Chile es un país especialmente permeable a los cambios globales. Su apertura cultural, económica, tecnológica y migratoria hace que fenómenos internacionales como crisis sanitarias, contracciones económicas, flujos migratorios o nuevas tendencias políticas generen alertas recurrentes. En este contexto, ha ganado presencia el temor a retrocesos democráticos observados en países cercanos, junto con fenómenos como el populismo, la autocratización y, de forma creciente, el antiestatismo.
Este se entiende como una tendencia amplia –no necesariamente ideológica– que busca limitar o incluso eliminar la intervención estatal en la vida pública, ya sea por considerarlo ineficiente, corrupto o como refugio de una “casta” de funcionarios privilegiados.
En Chile, este discurso ha encontrado cierta resonancia, aunque sin ser plenamente adoptado. Existe una conciencia relativamente extendida de que el Estado chileno no es excesivamente grande ni responde a tradiciones estatistas como en Argentina. En ese país, la crisis del modelo impulsó un rechazo profundo al Estado, capitalizado electoralmente por Javier Milei, cuya retórica –encarnada en la motosierra– apeló a recortar un aparato percibido como opresor e ineficaz.
En Chile, pese a las críticas al Estado, la ciudadanía parece reconocer que sus límites no alcanzan la caricatura del “parásito” difundida por ciertos discursos. Según un estudio del Centro de Sistemas Públicos de la Universidad de Chile, el país destina un 34% del gasto público a operación –incluyendo personal– frente al 41% promedio de la OCDE. El informe que analiza el periodo de 1990 a 2024 concluye que el Estado chileno es “más eficiente y austero, pero aún poco eficaz y de mediana calidad”. Esta percepción moderada explica, en parte, por qué ciertas columnas abiertamente hostiles al sector público no generaron el impacto esperado.

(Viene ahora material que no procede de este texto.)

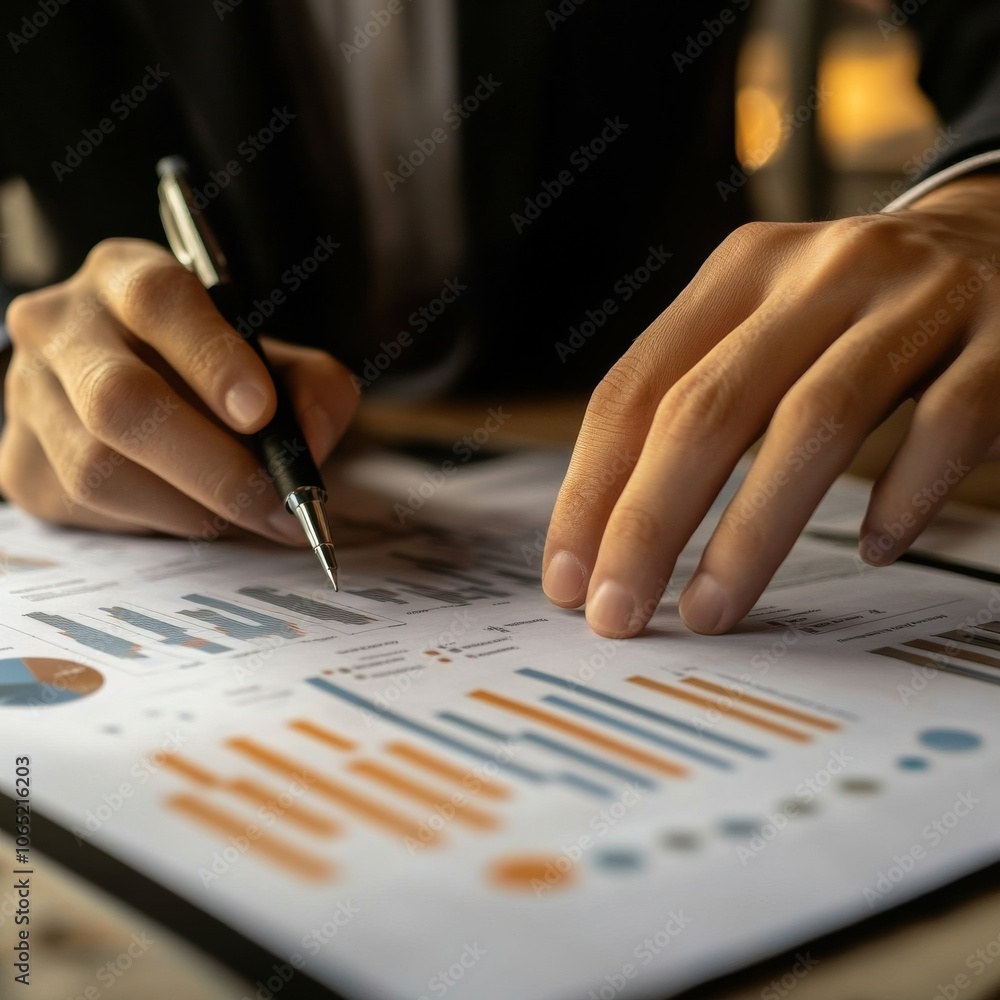 Poster businessman analyzing financial reports with graphs and charts on a desk.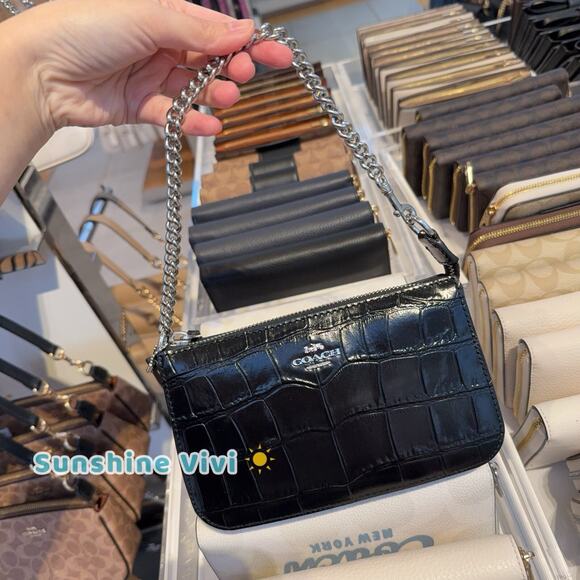 Coach Handbags - NWT Coach Nolita 19 CN382 Crocodile-embossed leather Silver/Black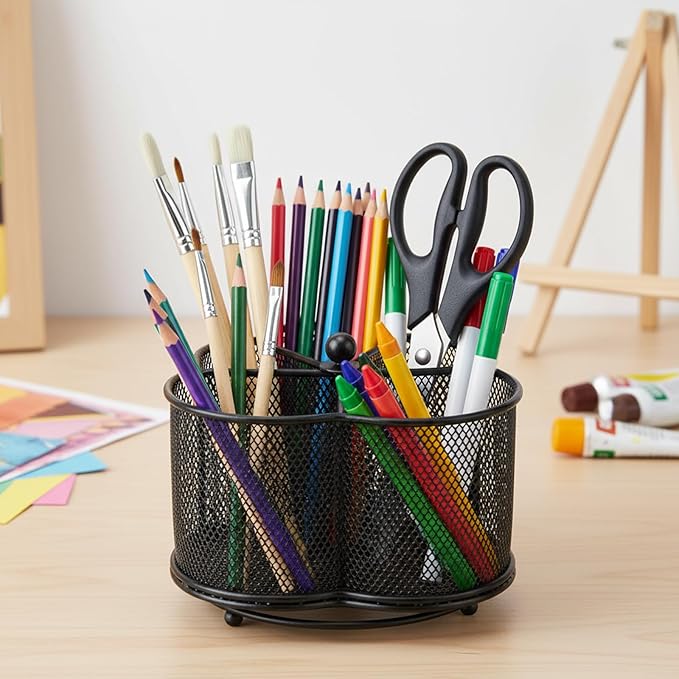 Rotating Pen Holder with 5-Compartment, Metal Mesh Pencil Organizer and Marker Holder for Desk, Crayon Organizer and Spinning Desk Organizer for Office School Supplies, Black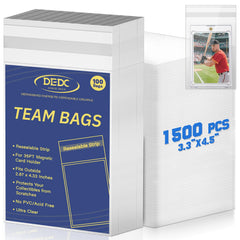 DEDC team set bags with adhesive-top closure provide easy reseal for cards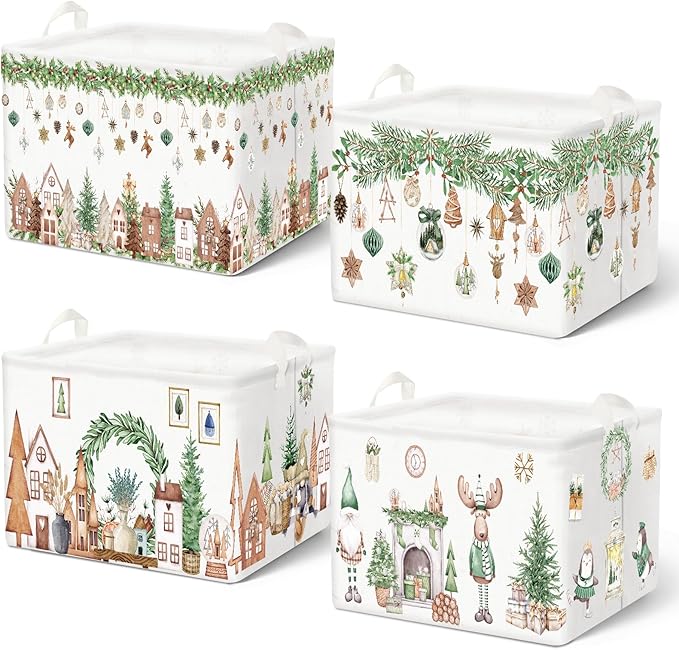 4 Pack Christmas Storage Bin Collapsible Large Christmas Storage Baskets for Gifts Xmas Tree Canvas Laundry Basket Foldable Box with Handle for Office Home Bedroom Clothes Toys Holiday Decor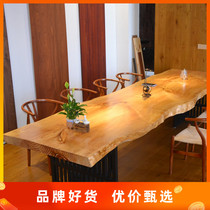 Retro log desk wrought iron wood tea table Big Board conference table dining Workbench computer desk table and chair combination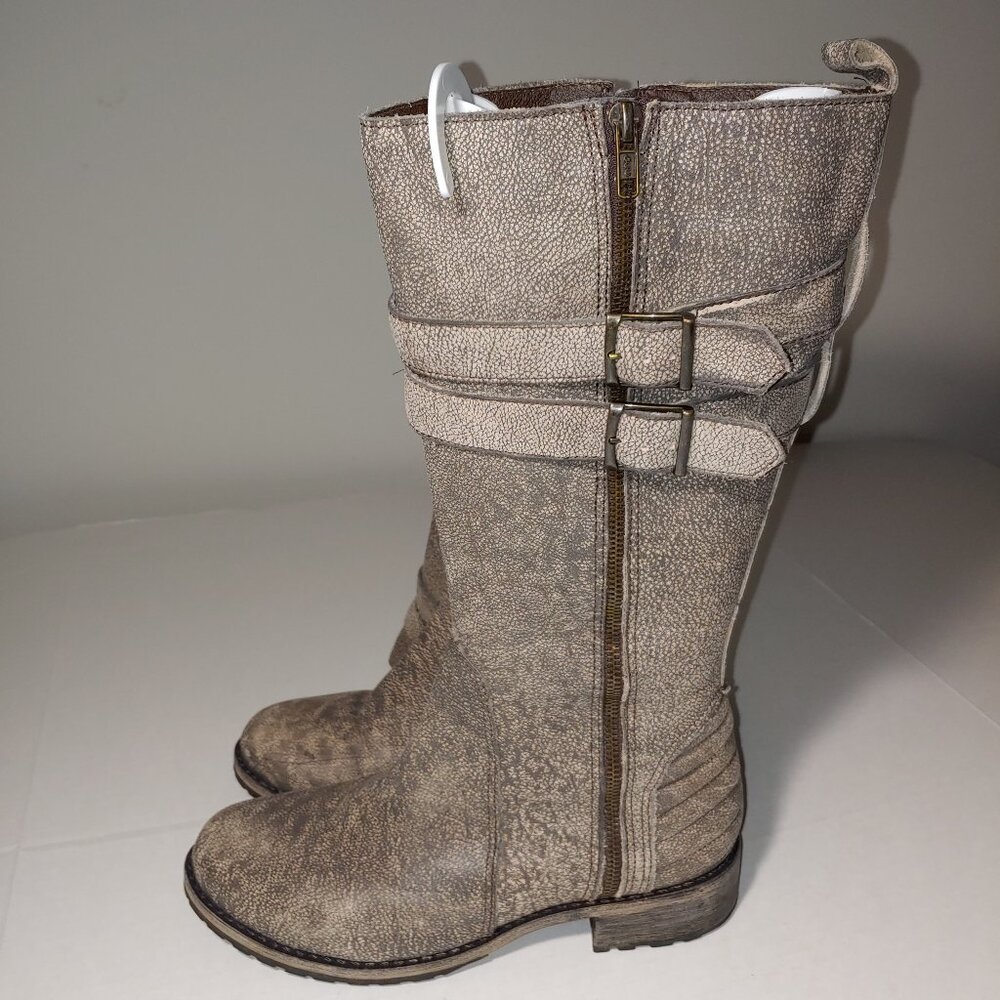 Matisse Roady Tall Distressed Leather Moto Boots size 9W Brown - Picture 2 of 10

Sin embargo, es necesario atender a fenómenos regionales que pueden erosionar gravemente la institucionalidad. Como advierte Juan Pablo Luna en su columna “Un futuro tuneado”, en un análisis tan inquietante como lúcido, indica que asistimos a desmantelamiento del Estado desde abajo, originado en dos shocks estructurales.
El primero es tecnológico: la desindustrialización y la expansión de la inteligencia artificial han transformado los mercados laborales, alterado la comunicación política y debilitado el vínculo entre Estado y sociedad, reduciendo además su capacidad regulatoria frente a grandes plataformas globales.
El segundo shock es la expansión de actividades ilegales, que generan alternativas de subsistencia y formas paralelas de gobernanza bajo control criminal. Estas no solo desafían al Estado en materia de seguridad, sino también en la provisión de servicios básicos y protección social.
Ambos shocks, argumenta Luna, erosionan la soberanía estatal, fundamento sobre el cual se erigen las democracias liberales. Sus efectos se agravan ante relatos que sentencian “el Estado llega tarde, mal o de forma burocrática”. La nota más oscura se la lleva el futuro y lo que el Estado puede ofrecer a los jóvenes, en un escenario en el cual la educación ya no constituye un motor de movilidad social, el shock tecnológico conlleva una precarización de las condiciones laborales y el avance las actividades ilícitas exponen a los jóvenes a círculos de violencia y marginalidad.
En tiempos inciertos, y frente a debates sobre el tamaño y el rol del Estado, es indispensable que el análisis público considere estos desafíos estructurales. El futuro de la democracia y la cohesión social en Chile dependerán de la capacidad de fortalecer un Estado pertinente, legítimo y acorde a las exigencias de un entorno profundamente transformado.